AWOL Marine: Is There a Form I Can Sign?

Ms. Vicki
Ms. Vicki

Dear Ms. Vicki,

I just couldn't take the Marine Corps anymore. I hated boot camp, where they crammed things down my throat, trying to brainwash me and make me think differently.

I refused to believe the Marine Corps should consume my life, but still I completed boot camp and reported to my assignment at Camp Lejeune.

I hate everything about North Carolina! The people are so backward and slow. I just left my desk and walked out the door, and I haven't looked back since because I was miserable.

I'm 22 years old, and I know it was a mistake for me to join in the first place. I don't want to give my current location, but I left my duty assignment and I'm not going back.

My girlfriend said her uncle was in the Army a long time ago, and when he went AWOL he completed a form that tells why you don't want to be in the military anymore. And after the Defense Department processes the form, it will leave you alone. It would be like you were never in the military in the first place.

Do you have a way to check this for me? Is this true? I'm won't ever go back, but I need to breathe a sigh of relief and stop lying to my parents about why I'm not a Marine. They think I was released because of downsizing.

-- Jordan (not my real name)

Dear Jordan,

What happened so quickly after reporting to your first duty station that has you so fed up that you went UA (Unauthorized Leave)/AWOL (Absent Without Official Leave)?

You must know that going AWOL or UA is illegal and punishable by the Uniform Code of Military Justice.

Furthermore, there is no form or document to submit to the DoD that will erase your enlistment. Eventually, you could be declared a deserter, which carries much harsher penalties.

In the post-9/11 period, I have met at least five service members who were AWOL ranging from one to three years. All of them had moved on with their lives, to include employment, pursuing their education, or taking up business opportunities.

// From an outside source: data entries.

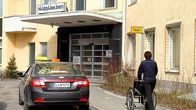 Taksi keskussairaalan tolpalla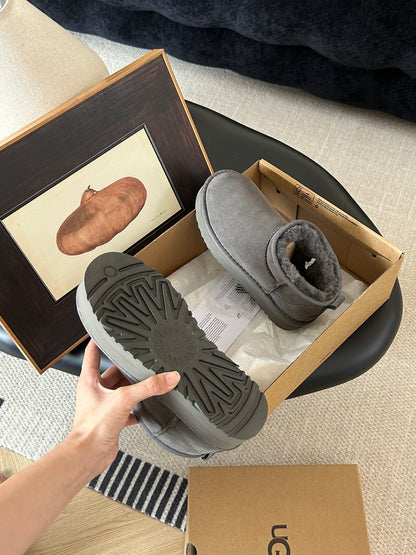 Guc New Platform ankle boots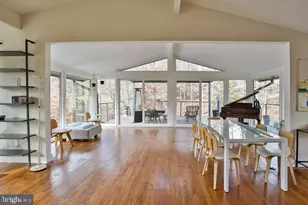 8518 Forest St, Annandale, VA 22003 - Photo 33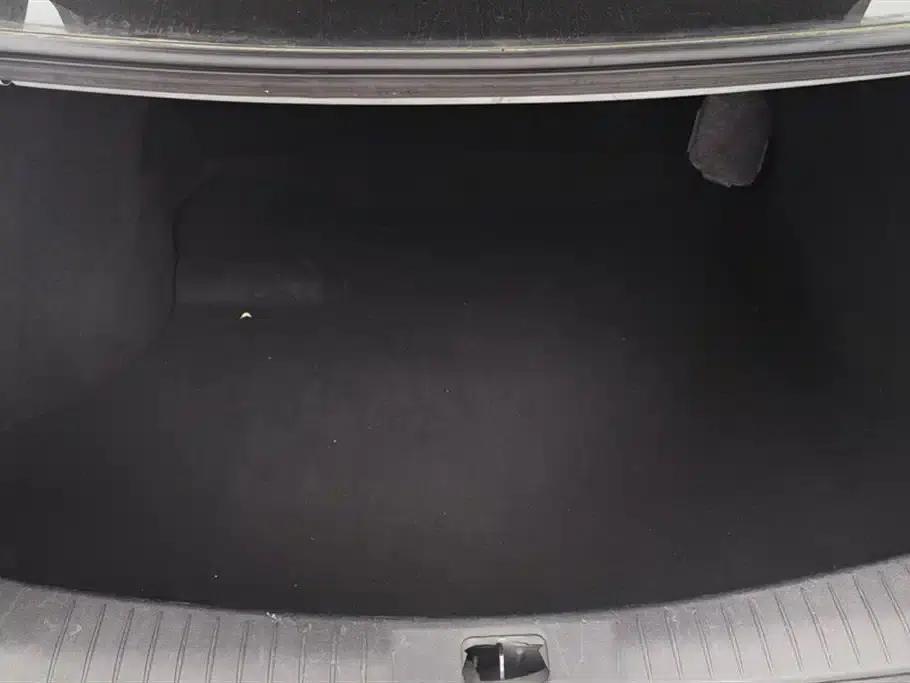 Dongfeng Fengshen E70 2021 500 Super Enjoy Edition — миниатюра 4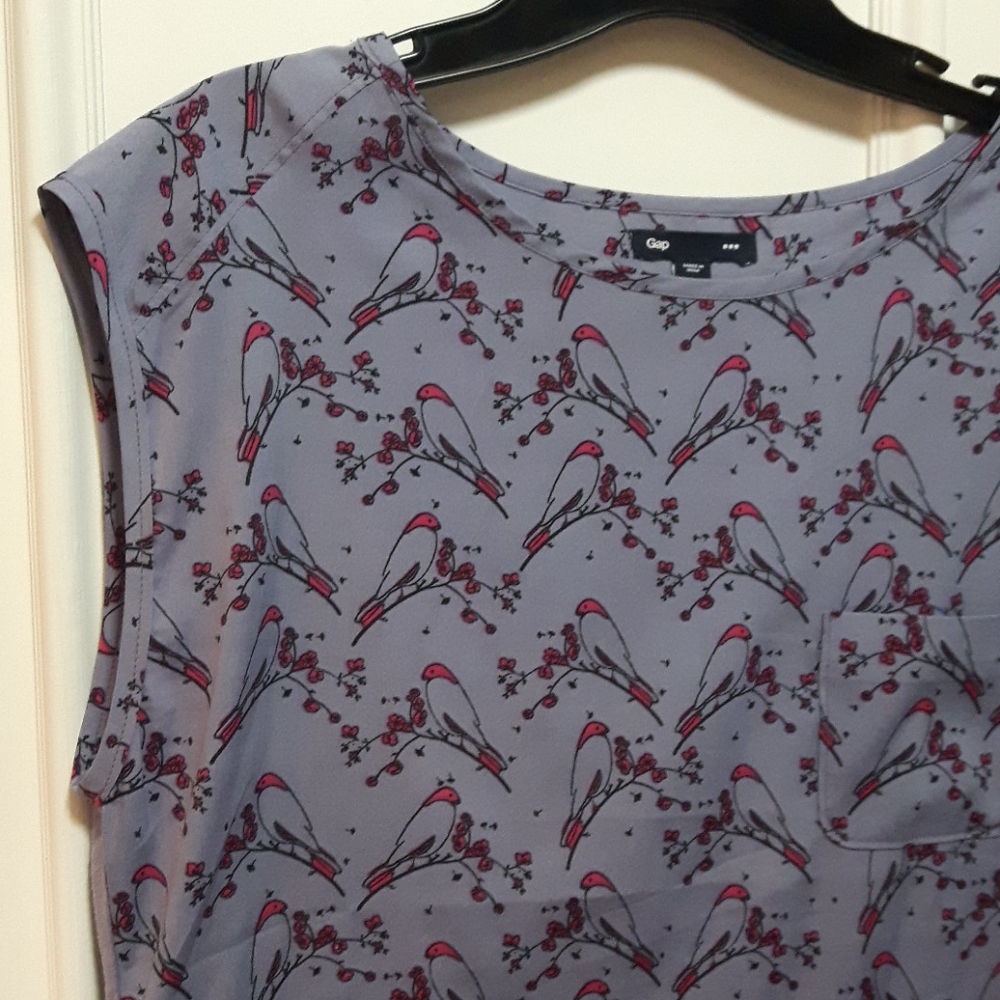 🛍️ GAP blouse with bird pattern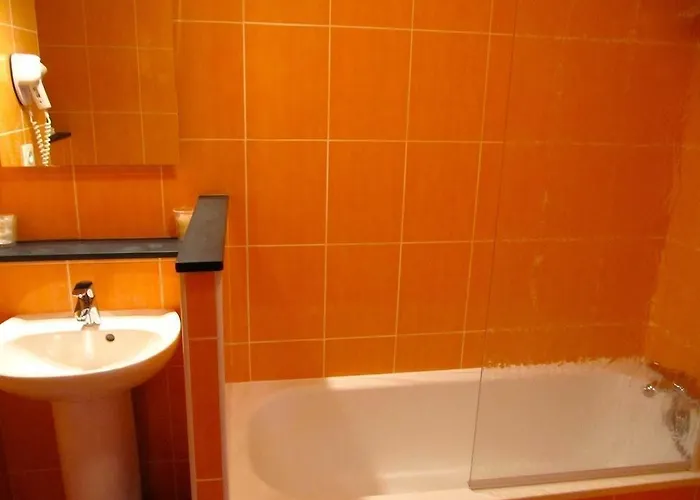 מלון Logis - Et Restaurant De La Montagne Noire 2*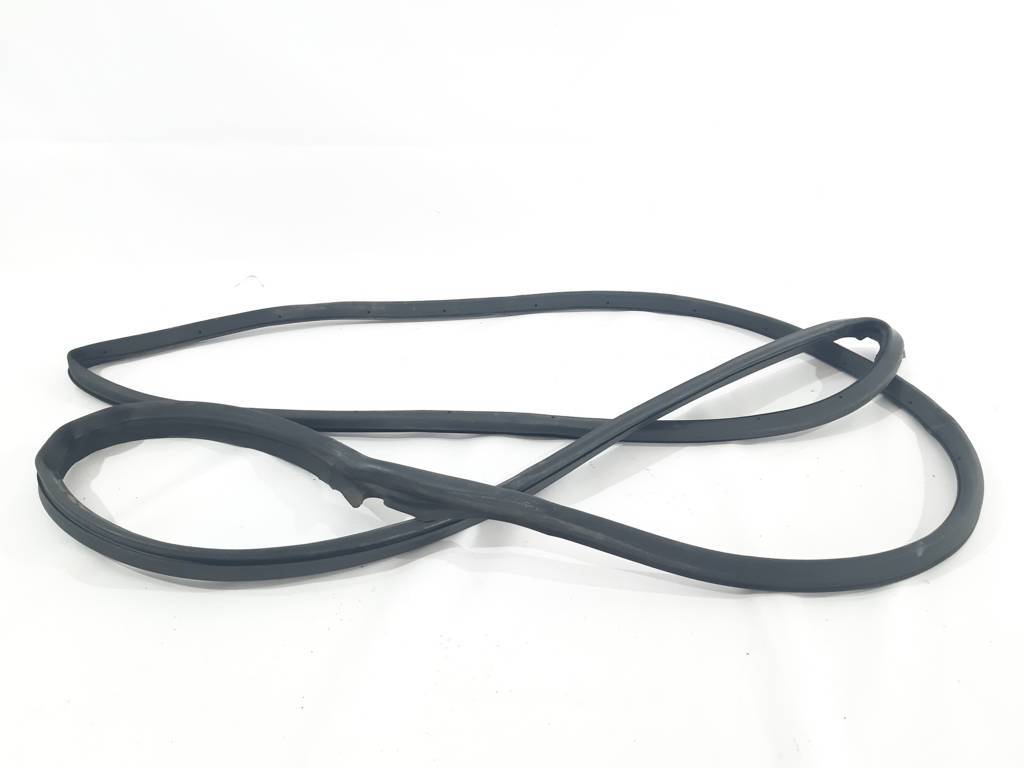 Accord. Ущільнювальна гумка дверей передньої правої Honda Accord Sedan 2008-2012 72310TA5A02 Honda Accord Sedan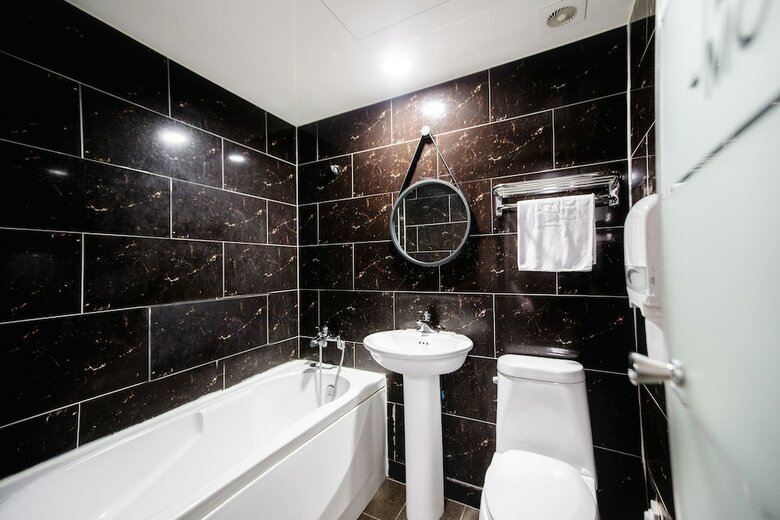 M7 Business Hotel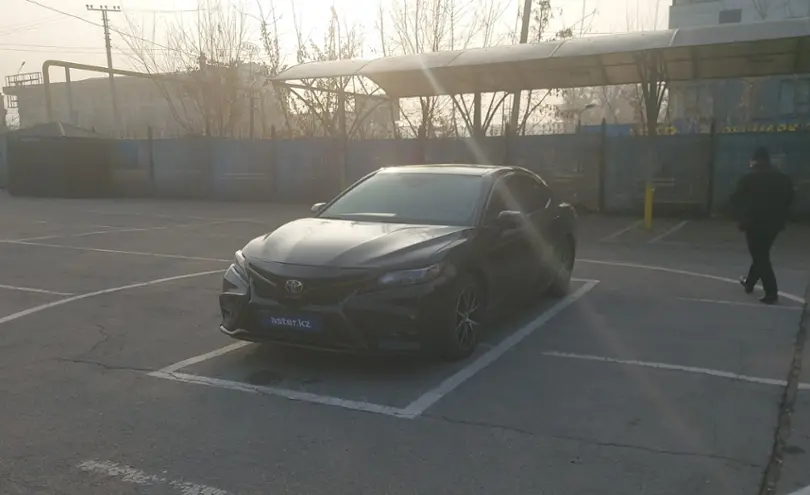 Toyota Camry 2020 года за 13 000 000 тг. в Алматы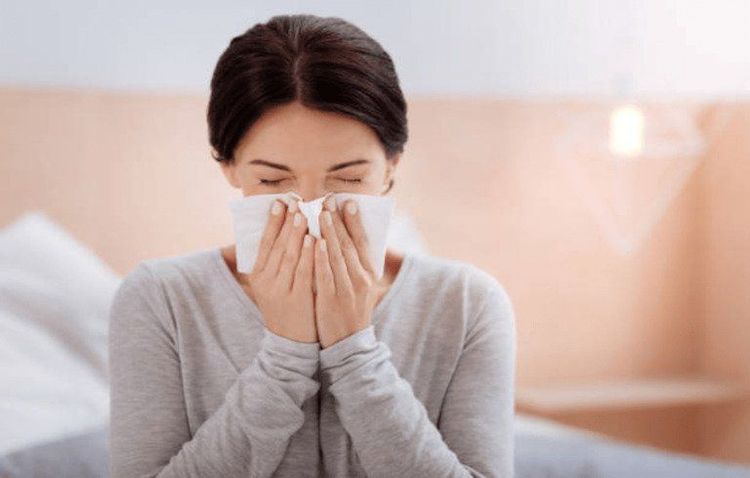 Nghẹt mũi thời gian dài là một trong các dấu hiệu bị dị ứng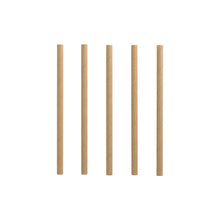 Fünf braune PAPSTAR 500 Cocktail Trinkhalme (Papier, Ø 7 mm, 15 cm) der PAPSTAR GmbH stehen aufrecht in einer Reihe vor einem schlichten weißen Hintergrund.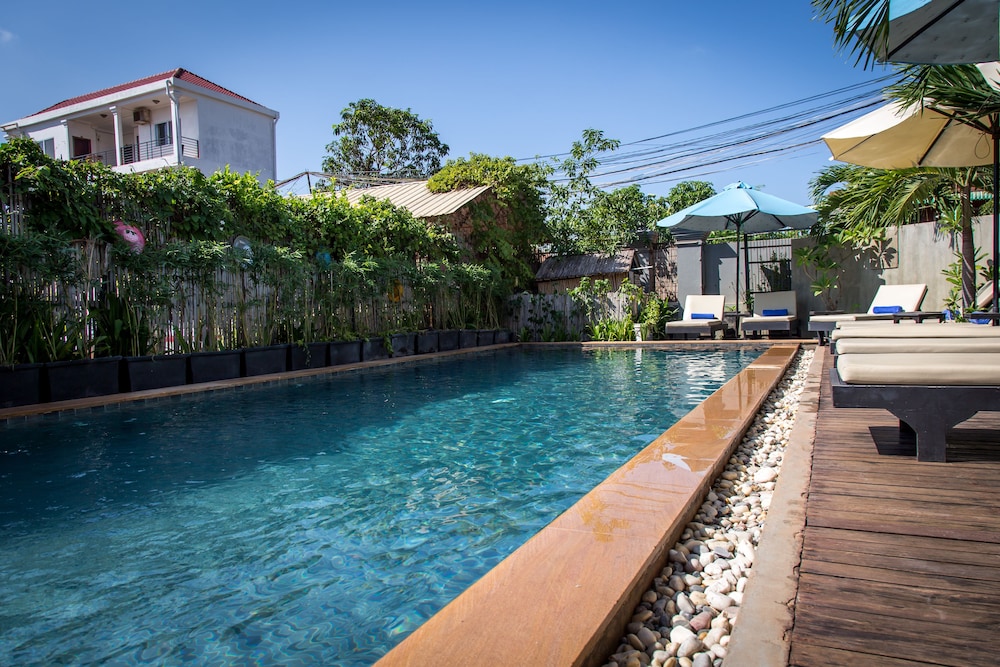 Baby Elephant Boutique Hotel 59/69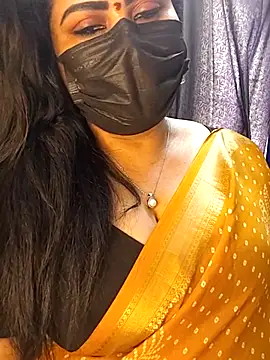 honey-flower online show from 12/15/25, 07:25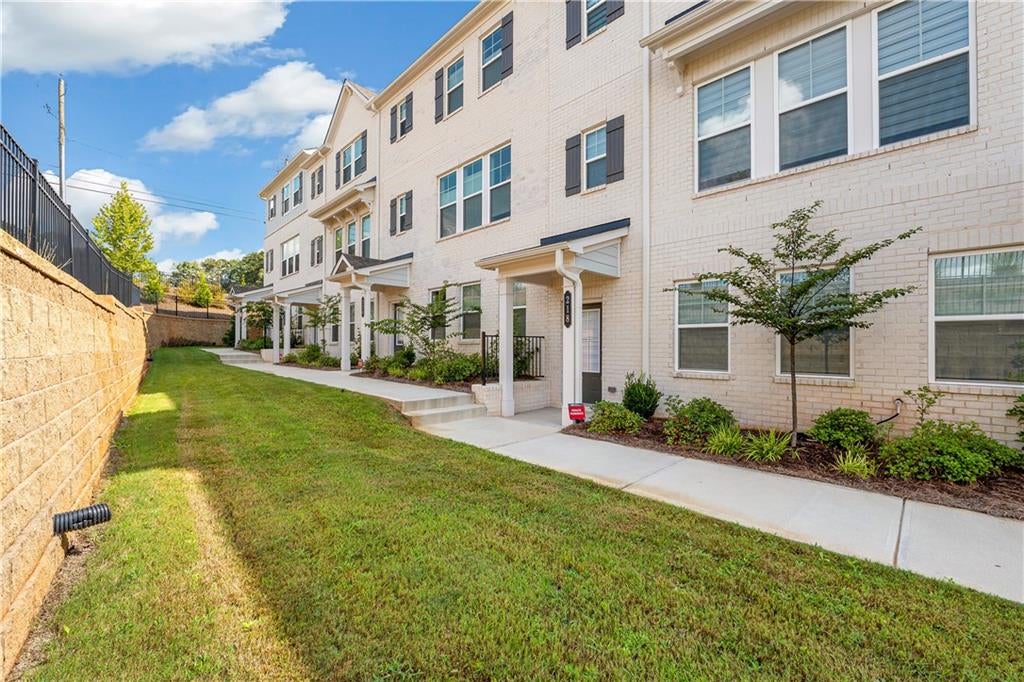218 Maycrest Path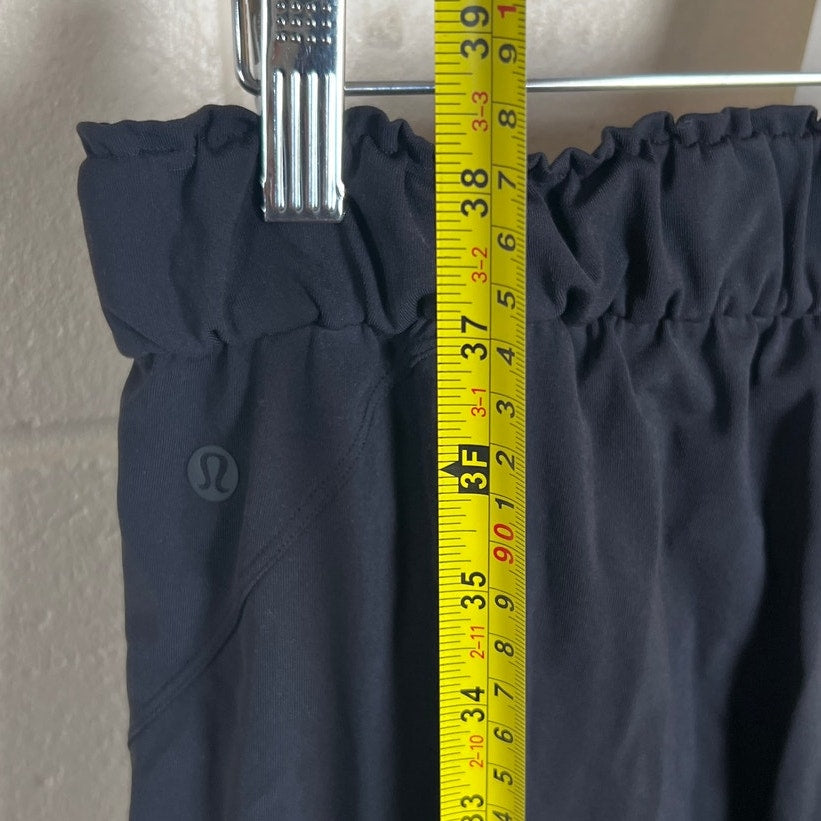 Lululemon Keep Moving Pants Women's Size 8 Black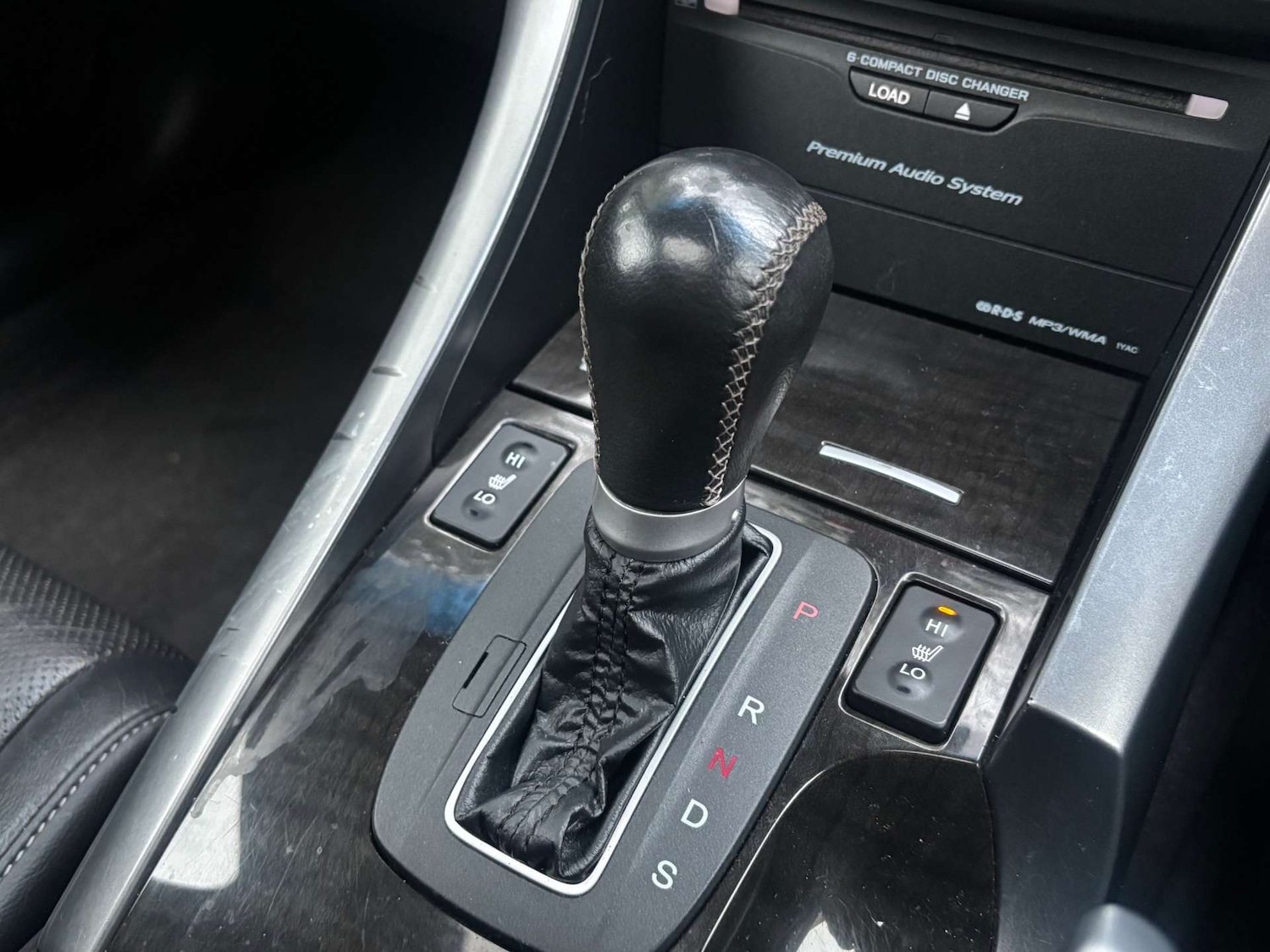 Used Honda Accord 2012 for sale - 77797700: Photo 30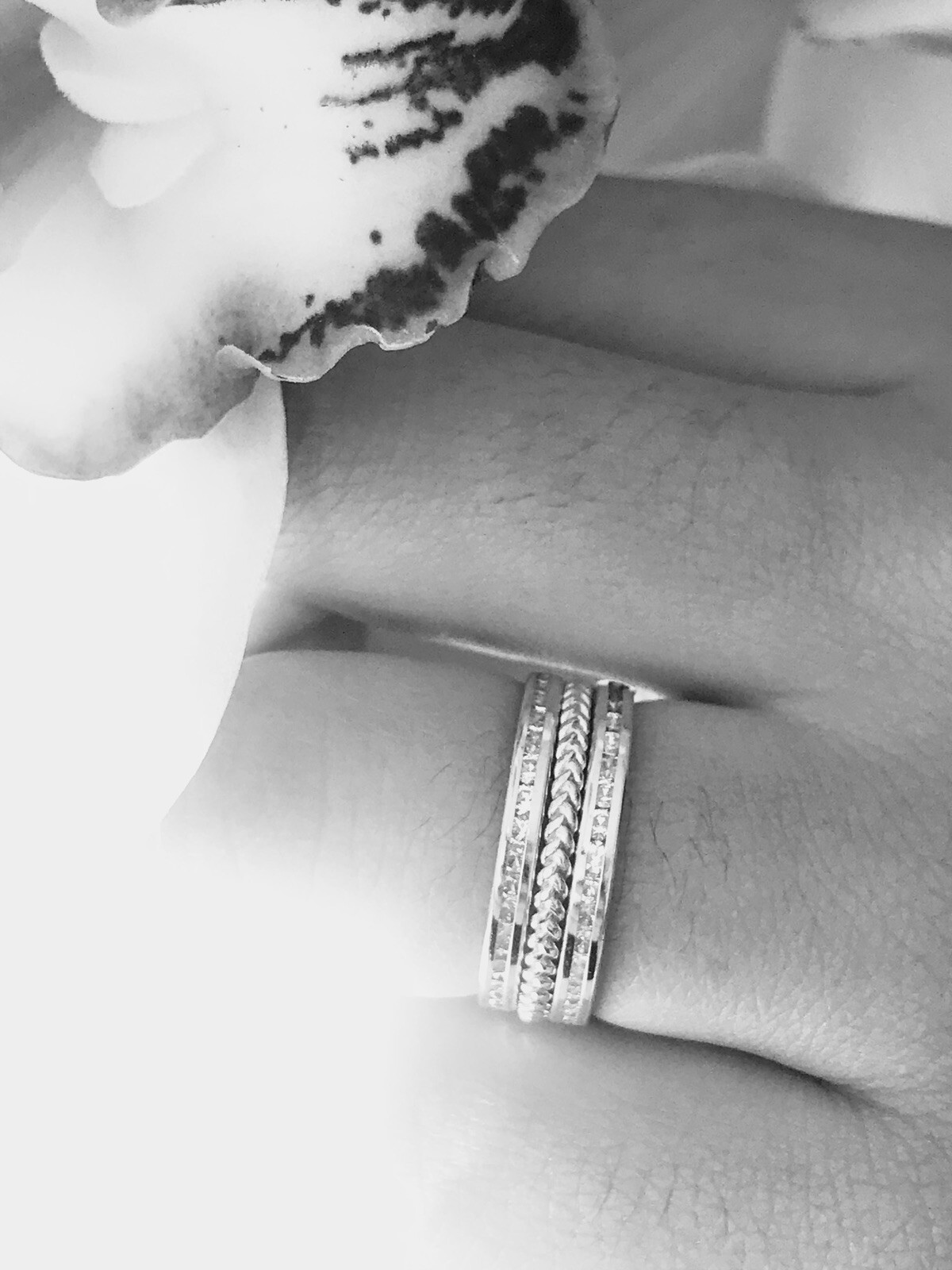 Pre-owned Jewelry By Paula 14k White Gold Twist Band Ring, Stacking Band, Midi Ring 2 Mm. Solid 14k Gold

They all said they were always looking over their shoulders in fear. Eventually, each one was stopped for a routine traffic violation, an expired yearly car registration, etc. They were arrested and eventually returned to their unit to face their punishment.

I can't demand that you return to Camp Lejeune. However, my advice would be for you to tell your parents the truth, talk to your spiritual adviser, an older close friend or family member, or a military mentor.

You should receive good counsel in talking to one these individuals. Thank you for writing to me. Keep in touch and let me know what you decide to do.